Ready to master some foundational info about leads, pipelines, and funnels? Let’s dive in.

What Are Leads in Sales?

Put simply, a lead is a person or business contact who has the potential to become a paying client or customer.

A prospective lead is identified when they either connect with your company (for example, by signing up for an initial sales call) or a salesperson from your company identifies a person or business as a possible lead.

After a prospective lead is identified, a salesperson will then qualify them. This means they will determine whether the person or business seems like a possible client or customer based on whether their interests, needs, pain points, and financial standing match the services or products offered by the company in question.

If a person or business passes through this qualifying stage, then they officially become a lead and continue on in the sales process.

What Is a Sales Pipeline?

Your sales pipeline represents every stage of your sales process and lets you categorize where your prospects are in the process at any given time.

This information can help you estimate how many sales you may close over a given time period, as well as how much revenue your business is generating and when. It also makes it easier to identify where to invest salespeople’s time and energy.

The more prospects there are in your sales pipeline, the more likely you are to keep growing your revenue. That said, every prospect moves through the pipeline at their own pace, depending on how interested they are in your products or services, whether a salesperson has created a sense of urgency, and other personalized factors.

Even though sales pipelines can be useful tools for predicting conversions and revenue, a pipeline is not the same as a sales forecast. A pipeline represents every stage of the sales process and can be used to track where prospects are in the process and what steps a salesperson has taken. In contrast, a forecast focuses on the likely number of conversions in a particular period of time.

A sales pipeline should also not be confused with a sales funnel, which we’ll define in the next section.

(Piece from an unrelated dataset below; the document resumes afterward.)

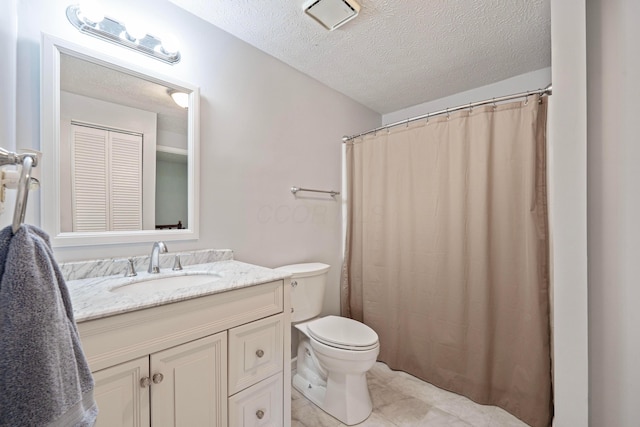 3860 Julia Ct, Columbus, OH 43230 - full bath with a textured ceiling, vanity, toilet, and tile patterned floors
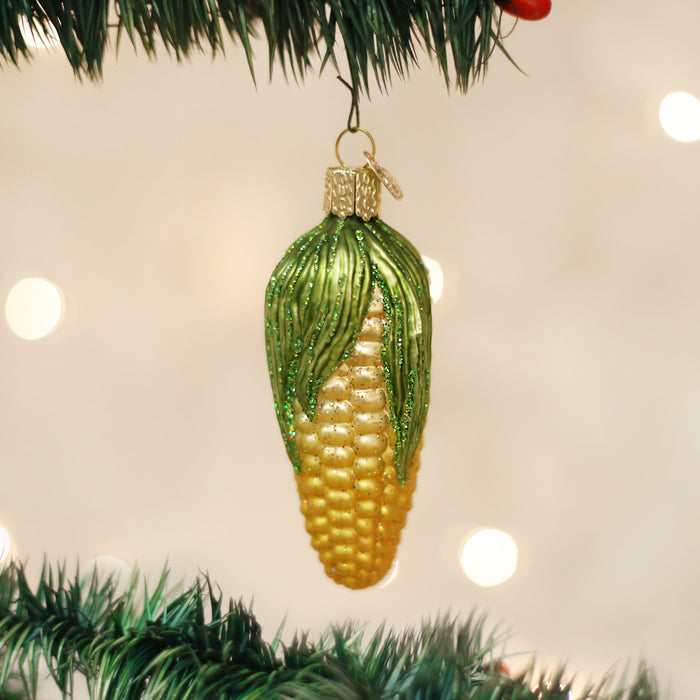 A Christmas tree ornament shaped like an ear of corn, with green husk details and a gold top, hanging from a tree branch with blurred lights in the background.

While there are plenty of sales pipeline tools and templates available, each company’s pipeline will look a bit different. That said, a general model for a sales pipeline might look something like:

  • Prospecting and lead generation, in which a salesperson identifies possible customers or potential customers make contact with a salesperson

  • Qualification, in which a salesperson determines whether a given prospect is a good fit for a sales investment

  • Meeting, in which a salesperson and lead chat about a possible relationship

  • Proposal, in which the salesperson shares a proposal or offer for the lead to review

  • Post-proposal, in which the salesperson follows up on their proposal

  • Sale, in which the salesperson closes the deal and contracts are signed

This is a very simplified sales pipeline, and it’s quite possible that yours will involve many more steps. The point is that the sales pipeline is meant to reflect every step salespeople take in order to move leads through the sales process and toward a conversion, as well as where leads are in the sales process at any given time.

What Is a Sales Funnel?

While a sales pipeline focuses on the stages of the sales process from the point of view of a salesperson, sales funnels focus on the path that prospects and buyers take through the sales process.

The word funnel serves as an apt visual representation: There will be more prospects at the top of the sales funnel than there will be potential customers at the bottom. The funnel shrinks as prospects and leads move through and are naturally filtered out by the sales process.

Sometimes sales funnel stages are defined by the acronym AIDA.

  • Awareness: A potential customer becomes aware of your company thanks to a social media post, Google search, and so on. You’ll sometimes hear this stage referred to as TOFU, or top of the funnel.

  • Interest: Potential customers start to consider your product or service, which is sometimes referred to as MOFU, or middle of the funnel.

  • Decision: This is when potential customers become hot leads. They feel ready to make a purchasing decision. Businesspeople often refer to this as the BOFU, or bottom of the funnel.

  • Action: The lead becomes a customer by purchasing the product or service in question.

As with sales pipelines, sales funnels can vary from company to company. That said, here’s an example of a very basic sales funnel.

  • A prospect makes contact with the company, possibly by browsing the website.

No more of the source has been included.